Not that this solves the programmability of implementing the glyphs in a contact form, but I would like to make a vote for using them.
Even though, as Sleidia's quote states, machines can be better at solving these glyphs than humans, the problem is then in the hands of the spammers. The problem with OCR technology is that it takes too much time. Spammers want to be able to send out email in batches of thousands in as little time as possible -- setting up an OCR script to find and recognise the characters in a glyph steals valuble processor time.
Simply put: if you were a spammer would you target an email form that takes 0.03 sec/email or one that takes 0.09 sec/email? The 0.06 sec/email is about = 60 sec for 1000 emails. The times are guesswork, but the point is valid.
Furthermore, the case study referenced above limited the generated CAPTCHAs to glyphs with a standardized number of characters and near-standardized locations of the characters.

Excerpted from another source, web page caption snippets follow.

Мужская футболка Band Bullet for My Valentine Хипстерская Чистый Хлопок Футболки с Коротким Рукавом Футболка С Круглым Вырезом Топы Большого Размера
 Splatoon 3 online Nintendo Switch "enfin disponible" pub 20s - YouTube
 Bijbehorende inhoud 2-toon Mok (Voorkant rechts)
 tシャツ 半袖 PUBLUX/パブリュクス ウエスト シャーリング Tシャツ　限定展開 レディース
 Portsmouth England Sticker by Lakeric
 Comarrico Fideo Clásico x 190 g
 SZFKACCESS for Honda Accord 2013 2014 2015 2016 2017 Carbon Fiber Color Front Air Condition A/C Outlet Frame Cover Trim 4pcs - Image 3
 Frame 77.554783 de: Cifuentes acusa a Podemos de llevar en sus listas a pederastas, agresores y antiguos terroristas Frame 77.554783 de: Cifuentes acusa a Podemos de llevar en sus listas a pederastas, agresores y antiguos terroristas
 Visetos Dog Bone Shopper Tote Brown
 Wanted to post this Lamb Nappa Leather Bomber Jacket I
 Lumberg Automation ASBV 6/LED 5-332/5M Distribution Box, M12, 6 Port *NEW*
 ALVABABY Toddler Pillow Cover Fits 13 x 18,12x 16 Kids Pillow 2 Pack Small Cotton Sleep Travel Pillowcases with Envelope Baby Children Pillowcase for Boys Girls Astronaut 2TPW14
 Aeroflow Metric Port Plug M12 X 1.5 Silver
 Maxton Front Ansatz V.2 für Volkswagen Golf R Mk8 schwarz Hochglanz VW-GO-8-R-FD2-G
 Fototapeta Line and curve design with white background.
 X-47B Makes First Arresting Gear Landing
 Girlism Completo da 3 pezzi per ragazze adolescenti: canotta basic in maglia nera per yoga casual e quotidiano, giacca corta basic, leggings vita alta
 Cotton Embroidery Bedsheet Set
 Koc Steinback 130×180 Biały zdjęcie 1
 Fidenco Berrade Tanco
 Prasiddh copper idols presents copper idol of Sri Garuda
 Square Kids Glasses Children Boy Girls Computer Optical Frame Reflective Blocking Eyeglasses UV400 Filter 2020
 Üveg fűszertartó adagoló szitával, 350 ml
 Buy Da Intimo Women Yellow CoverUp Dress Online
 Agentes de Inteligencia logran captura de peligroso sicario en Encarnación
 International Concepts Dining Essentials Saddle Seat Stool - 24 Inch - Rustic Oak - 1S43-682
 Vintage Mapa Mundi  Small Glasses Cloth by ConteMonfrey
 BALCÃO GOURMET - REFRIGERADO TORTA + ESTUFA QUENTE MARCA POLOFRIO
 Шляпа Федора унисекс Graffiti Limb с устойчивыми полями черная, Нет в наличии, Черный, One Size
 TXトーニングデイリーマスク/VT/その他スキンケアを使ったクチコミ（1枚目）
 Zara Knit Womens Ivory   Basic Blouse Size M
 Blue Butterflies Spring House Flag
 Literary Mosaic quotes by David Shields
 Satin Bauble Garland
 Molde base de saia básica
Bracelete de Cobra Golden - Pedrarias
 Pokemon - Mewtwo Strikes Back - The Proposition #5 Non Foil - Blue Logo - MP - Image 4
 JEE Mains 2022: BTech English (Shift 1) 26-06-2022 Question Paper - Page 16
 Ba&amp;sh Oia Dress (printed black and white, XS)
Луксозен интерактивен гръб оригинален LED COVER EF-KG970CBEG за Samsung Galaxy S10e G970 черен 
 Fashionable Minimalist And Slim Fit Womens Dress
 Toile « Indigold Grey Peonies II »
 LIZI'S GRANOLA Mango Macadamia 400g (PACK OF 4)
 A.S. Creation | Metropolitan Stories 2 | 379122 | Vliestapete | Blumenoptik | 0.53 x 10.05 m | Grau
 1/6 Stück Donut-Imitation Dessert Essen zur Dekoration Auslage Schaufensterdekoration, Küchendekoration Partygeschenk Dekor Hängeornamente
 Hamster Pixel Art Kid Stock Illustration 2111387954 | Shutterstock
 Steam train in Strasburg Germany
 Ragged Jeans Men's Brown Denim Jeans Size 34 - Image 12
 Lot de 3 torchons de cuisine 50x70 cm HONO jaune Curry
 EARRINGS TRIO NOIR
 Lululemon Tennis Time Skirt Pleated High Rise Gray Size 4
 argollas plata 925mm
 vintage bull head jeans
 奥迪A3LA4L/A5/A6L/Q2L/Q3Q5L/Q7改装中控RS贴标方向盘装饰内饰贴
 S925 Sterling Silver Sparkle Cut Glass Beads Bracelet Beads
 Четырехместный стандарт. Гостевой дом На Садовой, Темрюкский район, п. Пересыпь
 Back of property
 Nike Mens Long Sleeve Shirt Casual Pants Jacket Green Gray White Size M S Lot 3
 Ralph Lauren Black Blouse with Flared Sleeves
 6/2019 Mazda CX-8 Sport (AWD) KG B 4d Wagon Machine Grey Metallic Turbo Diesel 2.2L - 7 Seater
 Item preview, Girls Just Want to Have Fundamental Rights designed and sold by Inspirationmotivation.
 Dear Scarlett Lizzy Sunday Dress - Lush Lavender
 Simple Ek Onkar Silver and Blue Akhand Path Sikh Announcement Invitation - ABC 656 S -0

In other words "When solving the recognition problem, the segmentation problem is assumed to be solved" This also proved to be the most difficult problem of multicharacter glyphs--finding the characters.
My point is, even though machines can be better at recognizing these characters, a spammer would be much less likely to implement an OCR algorithm to send spam on a public contact form than they would be to just find another form.
Robert Carpenter
Remember....eternity is much longer than this ~80 years we will spend roaming this earth.